New Accounting Standards |
In June 2001, the Financial Accounting Standards Board (FASB) issued Statement of Financial Accounting Standards (SFAS) No. 143, Accounting for Asset Retirement Obligations, which is effective for fiscal years beginning after June 15, 2002. The Statement requires legal obligations associated with the retirement of long-lived assets to be recognized at their fair value at the time that the obligations are incurred. Upon initial recognition of a liability, that cost should be capitalized as part of the related long-lived asset and allocated to expense over the useful life of the asset. We adopted SFAS No. 143 as of January 1, 2003, and there was no material impact on our financial position or results of operations.
In June 2002, the Financial Accounting Standards Board issued SFAS No. 146, Accounting for Cost Associated with Exit or Disposal Activities, which changes the timing of the recognition of restructuring charges. Liabilities for restructuring costs will be required to be recognized when the liability is incurred rather than when we commit to the plan. SFAS No. 146 is effective for restructuring activity initiated after December 31, 2002. The adoption of this statement did not have a material impact on our financial position, results of operations or cash flows.

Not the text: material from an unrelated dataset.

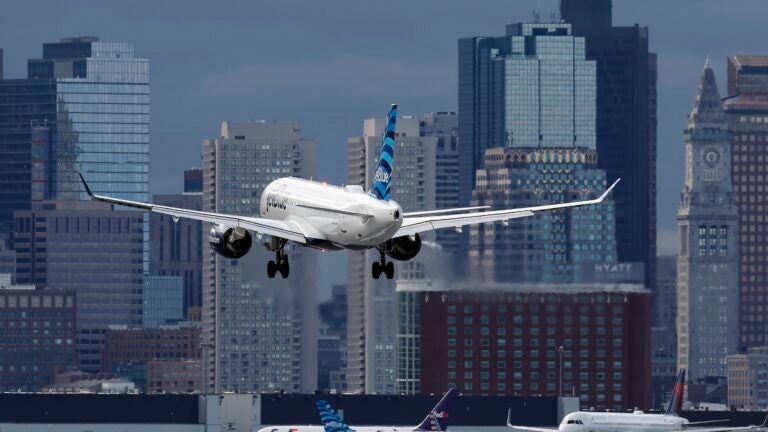 A JetBlue plane lands at Logan Airport, Thursday, Jan. 26, 2023.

In November 2002, the FASB issued FASB Interpretation (FIN) No. 45, Guarantors Accounting and Disclosure Requirements for Guarantees, Including Indirect Guarantees of Indebtedness of Others.
47
NOTES TO CONSOLIDATED FINANCIAL STATEMENTS (Continued)
FIN No. 45 clarifies that a guarantor is required to recognize, at the inception of a guarantee, a liability for the fair value of the obligation undertaken in issuing the guarantee. We adopted the provisions of FIN No. 45 on January 1, 2003 for all new or amended guarantees subsequent to that date. The adoption of this statement did not have a material impact on our financial position, results of operations or cash flows.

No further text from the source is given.